Segment Start: Input records

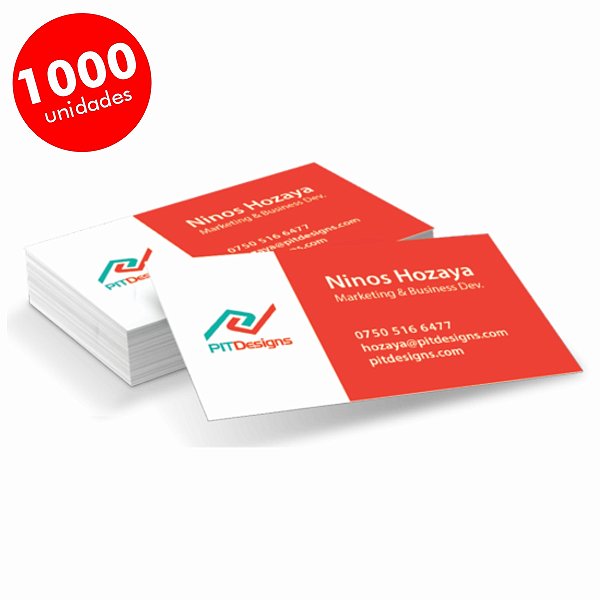 Impressão 1000 Cartões de Visita Só frente em Couché 250g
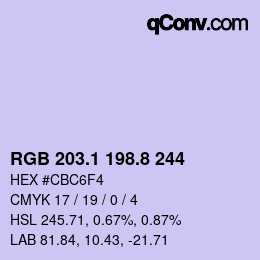 Color code: RGB 203.1 198.8 244 | qconv.com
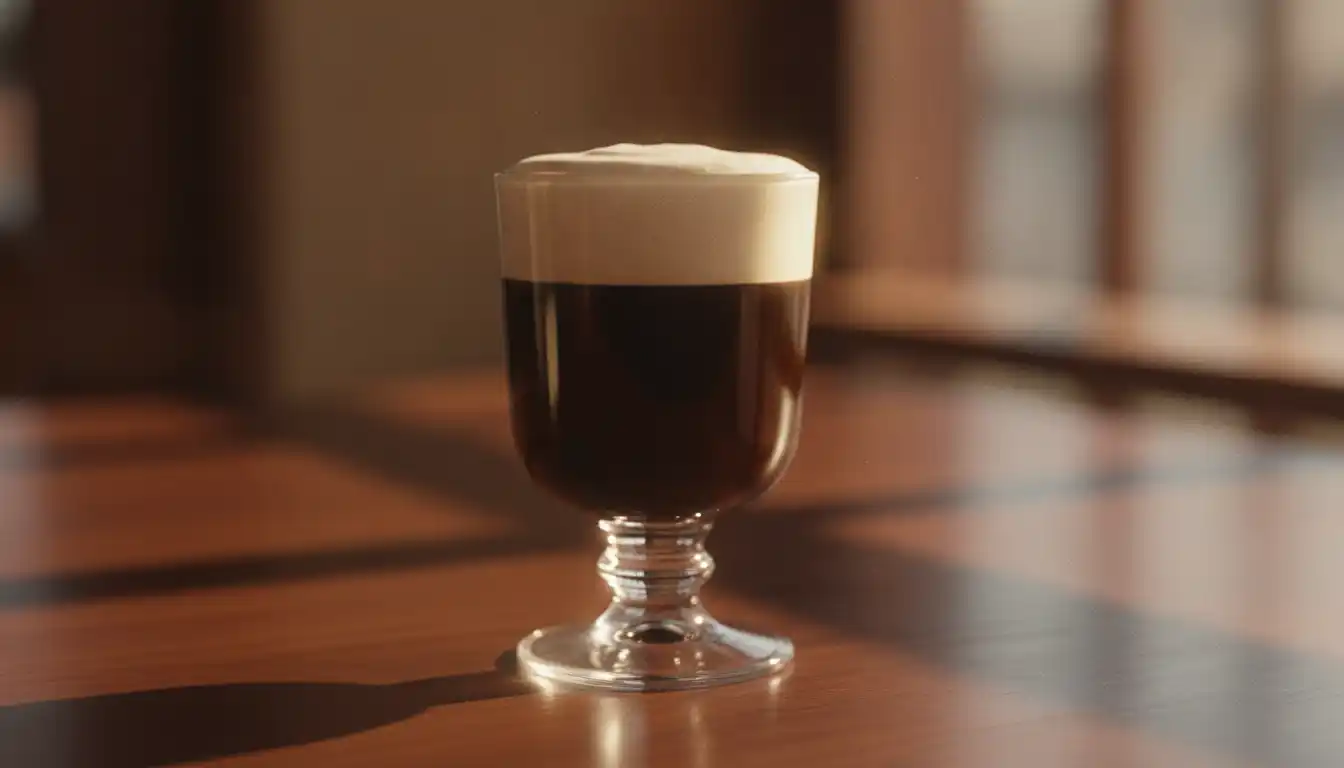 Irish coffee i glass pa fot med tydelig flotelag over den morke kaffen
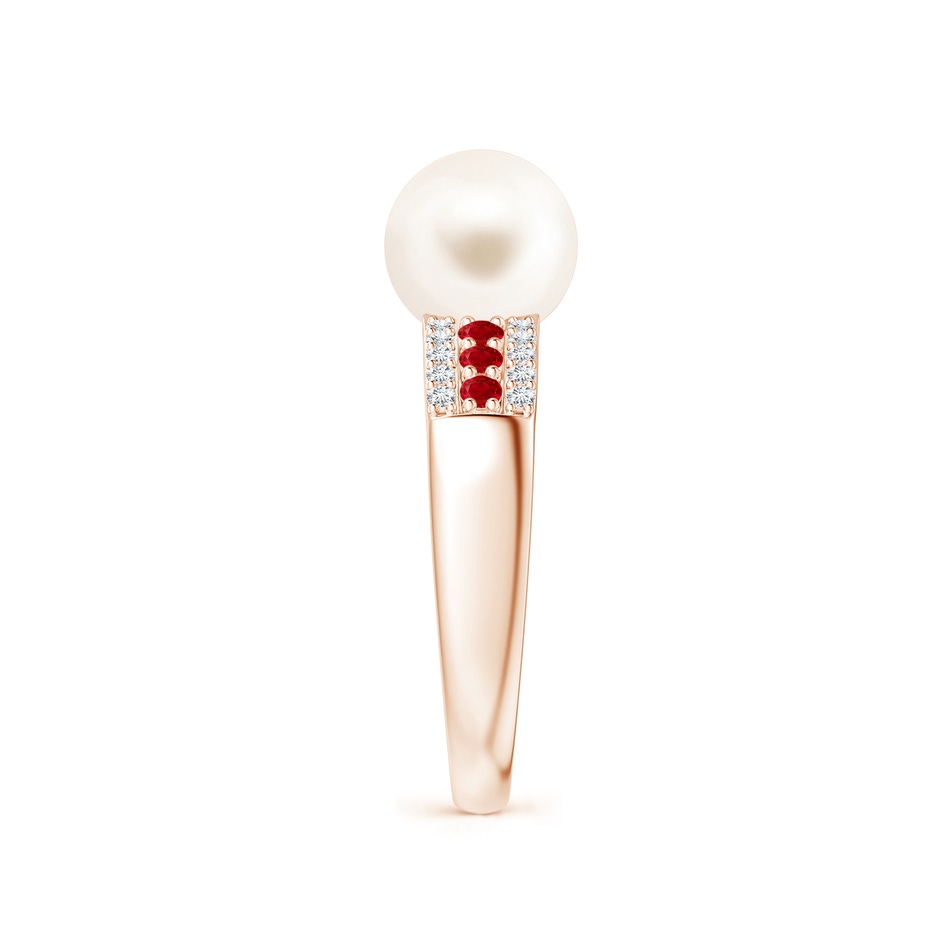 8mm AAA Freshwater Pearl Ring with Rubies in Rose Gold side 2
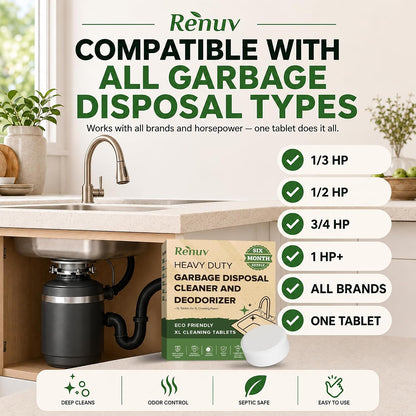 Renuv® Garbage Disposal Cleaner & Deodorizer Tablets, 12 XL Tablets | Foaming Citrus Scent, Drain Freshener, Kitchen Sink Odor Refresher For Garbage Disposer Cleaning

Segment End: Input records

Work required
Retype only the lines from the line with "8mm AAA Freshwater" through the last line of the data. Keep both ends and skip the pictures.

Final answer
 8mm AAA Freshwater Pearl Ring with Rubies in Rose Gold side 2
 Renuv® Garbage Disposal Cleaner & Deodorizer Tablets, 12 XL Tablets | Foaming Citrus Scent, Drain Freshener, Kitchen Sink Odor Refresher For Garbage Disposer Cleaning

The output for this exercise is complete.